To sum up, the above methods all extract key points from 2D images and match them with 3D models to obtain the 3D information of the object. These methods assume that the object has a relatively fixed shape model, which is generally true for vehicles and relatively difficult for pedestrians. In addition, these methods require multiple key points to be labeled on the 2D image, which is also very time-consuming.
2D/3D geometric constraints# Translation
Deep3DBox [12] is one of the early and representative works in this field. A 3D object box requires 9 variables to represent, which are center, size, and orientation (3D orientation can be simplified as yaw, thus becoming 7 variables). 2D object detection in images can provide a 2D object box containing 4 known variables (2D center and 2D size), which is insufficient to solve variables with 7 or 9 degrees of freedom. Among these three sets of variables, the size and orientation are relatively closely related to visual features. For example, the 3D size of an object is highly correlated with its category (pedestrian, bicycle, car, bus, truck, etc.), and the object category can be predicted through visual features. For the 3D position of the center point, it is difficult to predict solely based on visual features due to the ambiguity generated by perspective projection. Therefore, Deep3DBox proposes to first estimate the object size and orientation using the image features within the 2D object box. Then, a 2D/3D geometric constraint is used to solve for the 3D position of the center point. This constraint is that the projection of the 3D object box on the image is tightly surrounded by the 2D object box, meaning that at least one corner of the 3D object box can be found on each edge of the 2D object box. With the previously predicted size and orientation, together with the camera’s calibration parameters, the 3D position of the center point can be solved.

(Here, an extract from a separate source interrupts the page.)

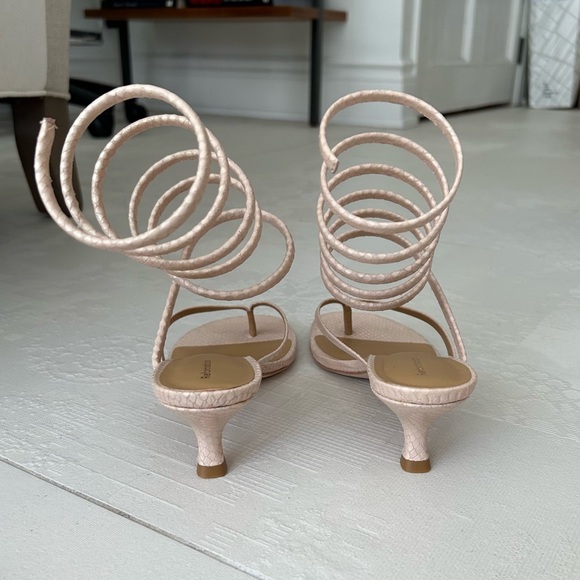 Reformation Nude Holographic Snakeskin Spiral Strap Heeled Sandals - Picture 3 of 5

!Geometric constraints between 2D and 3D object boxes (image source from reference [9])
This method of using 2D/3D constraints requires extremely accurate 2D object box detection. In the framework of Deep3DBox, even small errors in the 2D object box may result in the failure of 3D object box prediction. The first two stages of Shift R-CNN [13] are very similar to Deep3DBox, which predict the 3D size and orientation through the 2D object box and visual features, and then solve for the 3D position through geometric constraints. However, Shift R-CNN adds a third stage, which combines the 2D object box, 3D object box, and camera parameters obtained in the first two stages as input, and uses a fully connected network to predict a more accurate 3D position.
When using 2D/3D geometric constraints, the above methods obtain the 3D position of objects by solving a set of over-constrained equations as a post-processing step, which is not part of the neural network. The first and third stages of Shift R-CNN are also trained separately. MVRA [14] constructs a network for solving this over-constrained equation and designs the IoU Loss in image coordinates and the L2 Loss in BEV coordinates to measure the error in object detection and distance estimation, assisting in end-to-end training. Consequently, the quality of predicting object 3D position also provides feedback to the previous predictions of 3D size and orientation.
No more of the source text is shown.